#### WHAT THE TASK REQUIRES:
Look through the data below for the line with "Hyundai Elantra 2026 5" and the line with "Tori Yoshi - 階段（2階から1階を）", then output those two and all lines in between, exactly as written.

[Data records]
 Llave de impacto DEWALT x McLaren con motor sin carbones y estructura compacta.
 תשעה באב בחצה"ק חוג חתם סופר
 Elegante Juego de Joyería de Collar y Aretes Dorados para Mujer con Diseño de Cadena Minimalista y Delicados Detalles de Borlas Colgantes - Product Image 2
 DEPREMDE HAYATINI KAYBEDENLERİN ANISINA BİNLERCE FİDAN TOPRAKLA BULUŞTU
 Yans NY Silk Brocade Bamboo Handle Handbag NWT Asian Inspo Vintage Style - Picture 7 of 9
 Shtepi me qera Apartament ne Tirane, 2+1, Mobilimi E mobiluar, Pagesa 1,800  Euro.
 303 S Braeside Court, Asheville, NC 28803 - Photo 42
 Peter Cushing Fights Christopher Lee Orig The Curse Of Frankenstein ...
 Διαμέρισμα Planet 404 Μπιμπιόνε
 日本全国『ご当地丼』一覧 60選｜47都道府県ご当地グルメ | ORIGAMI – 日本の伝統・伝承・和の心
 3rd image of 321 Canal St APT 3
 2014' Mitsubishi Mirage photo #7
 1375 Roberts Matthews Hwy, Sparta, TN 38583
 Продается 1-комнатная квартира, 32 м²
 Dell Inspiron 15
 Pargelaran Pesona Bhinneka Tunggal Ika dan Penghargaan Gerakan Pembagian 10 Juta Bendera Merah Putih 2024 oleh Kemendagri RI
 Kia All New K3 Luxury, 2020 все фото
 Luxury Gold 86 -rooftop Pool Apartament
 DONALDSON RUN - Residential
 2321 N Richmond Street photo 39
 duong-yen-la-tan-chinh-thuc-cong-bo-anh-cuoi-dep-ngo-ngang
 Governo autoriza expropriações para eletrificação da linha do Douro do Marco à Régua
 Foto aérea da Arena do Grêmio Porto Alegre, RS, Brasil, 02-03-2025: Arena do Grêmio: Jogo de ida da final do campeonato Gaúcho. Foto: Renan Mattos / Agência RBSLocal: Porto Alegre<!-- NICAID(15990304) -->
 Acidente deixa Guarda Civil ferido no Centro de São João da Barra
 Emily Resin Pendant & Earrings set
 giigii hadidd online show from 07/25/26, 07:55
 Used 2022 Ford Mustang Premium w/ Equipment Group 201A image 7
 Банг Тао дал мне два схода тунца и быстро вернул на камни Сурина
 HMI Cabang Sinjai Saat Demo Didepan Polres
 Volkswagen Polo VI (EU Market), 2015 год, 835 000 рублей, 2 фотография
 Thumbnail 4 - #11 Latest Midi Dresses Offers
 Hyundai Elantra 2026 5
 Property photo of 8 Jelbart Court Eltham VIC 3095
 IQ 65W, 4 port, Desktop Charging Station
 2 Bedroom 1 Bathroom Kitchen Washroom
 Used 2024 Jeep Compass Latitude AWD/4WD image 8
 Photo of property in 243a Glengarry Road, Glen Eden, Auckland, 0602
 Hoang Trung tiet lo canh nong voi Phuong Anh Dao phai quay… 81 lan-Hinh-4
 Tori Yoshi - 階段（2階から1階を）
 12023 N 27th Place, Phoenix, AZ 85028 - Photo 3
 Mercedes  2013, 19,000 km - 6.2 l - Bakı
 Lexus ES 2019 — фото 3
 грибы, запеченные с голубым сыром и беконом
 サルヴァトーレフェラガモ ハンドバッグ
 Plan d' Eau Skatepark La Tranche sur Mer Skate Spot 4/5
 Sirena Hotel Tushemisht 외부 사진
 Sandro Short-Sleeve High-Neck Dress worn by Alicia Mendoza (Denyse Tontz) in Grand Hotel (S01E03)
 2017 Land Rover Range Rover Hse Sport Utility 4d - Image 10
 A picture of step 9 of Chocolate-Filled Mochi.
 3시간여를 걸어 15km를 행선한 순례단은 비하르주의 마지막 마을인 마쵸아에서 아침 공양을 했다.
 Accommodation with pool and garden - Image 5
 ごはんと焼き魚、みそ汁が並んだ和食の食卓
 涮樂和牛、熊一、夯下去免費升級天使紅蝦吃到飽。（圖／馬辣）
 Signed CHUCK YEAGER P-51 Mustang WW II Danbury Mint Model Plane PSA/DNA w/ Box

#### SOLUTION FOR THIS EXERCISE:
 Hyundai Elantra 2026 5
 Property photo of 8 Jelbart Court Eltham VIC 3095
 IQ 65W, 4 port, Desktop Charging Station
 2 Bedroom 1 Bathroom Kitchen Washroom
 Used 2024 Jeep Compass Latitude AWD/4WD image 8
 Photo of property in 243a Glengarry Road, Glen Eden, Auckland, 0602
 Hoang Trung tiet lo canh nong voi Phuong Anh Dao phai quay… 81 lan-Hinh-4
 Tori Yoshi - 階段（2階から1階を）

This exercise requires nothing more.